21.11.2009
Emergenza occupazionale » ernesto ferrante

Etleboro

 

E' un'anoressia galoppante quella che affligge il tessuto industriale di Terra di Lavoro. Il mosaico delle criticità si arricchisce ogni giorno di un nuovo tassello. Quelle che un tempo erano eccellenze, sono divenute fastidiose eccedenze da rimuovere. Da Caserta a Maddaloni, da Piedimonte a Teverola, da Marcianise a Santa Maria Capua Vetere. La spia della disoccupazione lampeggia dovunque.

 

L'ultimo caso in ordine di tempo, è quello della Manucor di Sessa Aurunca, dove gli operai sono in agitazione per la prevista cura dimagrante decisa dai vertici aziendali. La ex Manuli dal 2006 in poi ha accumulato debiti per 90 milioni di euro, evitando il crack solo grazie  all'ingresso nel capitale aziendale dell'Unicredit e della Reno Dei Medici.
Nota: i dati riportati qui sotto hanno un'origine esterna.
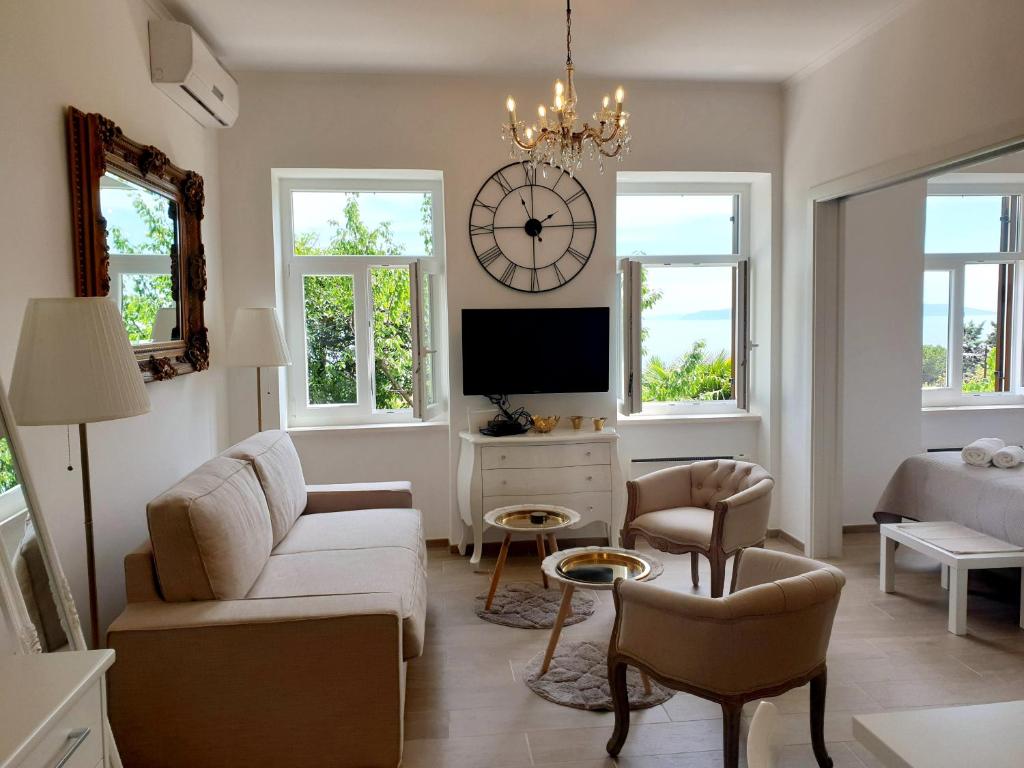 Apartment Alex - Sea View by Irundo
Tutto risolto? Neanche per sogno, perché i nuovi soci hanno deciso l'espulsione dai cicli produttivi del 33 per cento della forza lavoro e l'esternalizzazione di due reparti, tra i quali quello che si occupa del confezionamento e della spedizione dei film in polipropilene biorientato. E, come se non bastasse, outsourcing dei servizi di imballaggio e del reparto magazzini. Il "piano di asseveramento" punta a ripianare il debito accumulato in questi anni. "Non possiamo accettare che a pagare lo scotto della crisi siano sempre i lavoratori che da anni fanno i conti con notevoli sofferenze salariali", ha dichiarato Angelo Papadimitra della Filcem. "In questo periodo di grave crisi economica intendo esprimere la piena solidarietà ai lavoratori in agitazione della Manucor di Sessa Aurunca". Recita così la nota stampa diramata dall'on. Americo Porfidia dell'Idv. "La Manucor, ha aggiunto il dipietrista, è un'azienda specializzata nella lavorazione di filmati in propilene e garantisce lavoro e stabilità a centinaia di famiglie. Il piano di ristrutturazione previsto dai vertici aziendali rischia di ricadere solo sulle spalle dei lavoratori. Si parla dell'espulsione di 87 unità su un organico di 270"."Ritengo necessario, ha concluso l'on. Porfidia, che intervenga il Ministero dello Sviluppo Economico al fine di aprire un tavolo negoziale con le parti interessate per decidere collegialmente la via per una più responsabile gestione della situazione".